*** Block opens ***
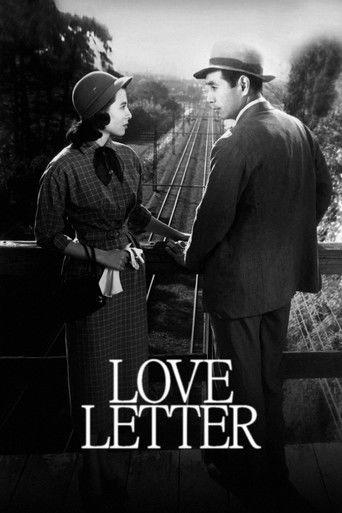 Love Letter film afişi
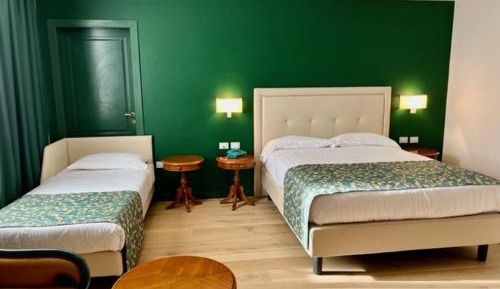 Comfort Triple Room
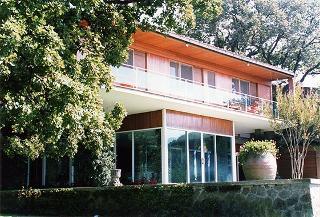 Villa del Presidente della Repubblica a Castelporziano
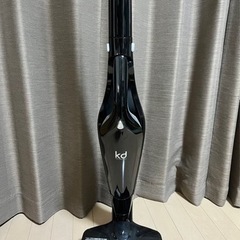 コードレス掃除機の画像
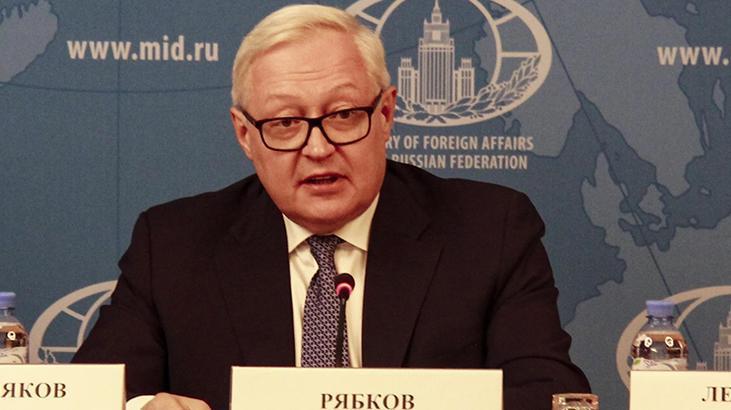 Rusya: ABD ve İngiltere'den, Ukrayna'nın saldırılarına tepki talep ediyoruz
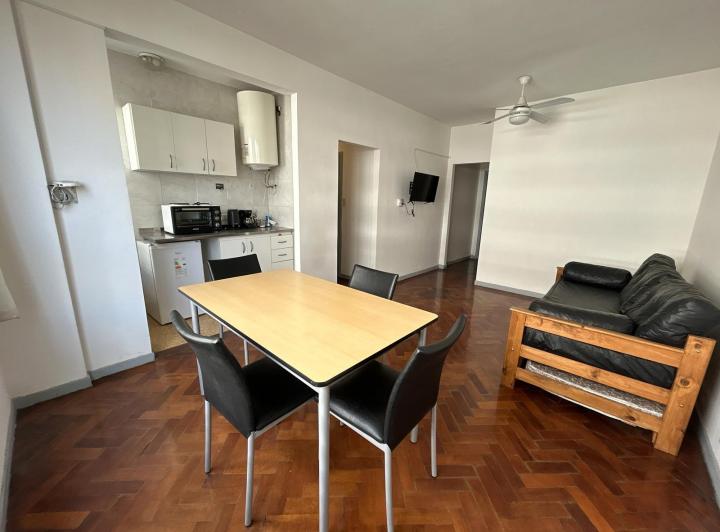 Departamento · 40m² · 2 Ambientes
*** Block closes ***
__Exercise objective__: Give back exactly the lines from the line with "コードレス掃除機の画像" through the end of the records, both included; keep all pictures out.

__Solution to this problem__:
 コードレス掃除機の画像
 Rusya: ABD ve İngiltere'den, Ukrayna'nın saldırılarına tepki talep ediyoruz
 Departamento · 40m² · 2 Ambientes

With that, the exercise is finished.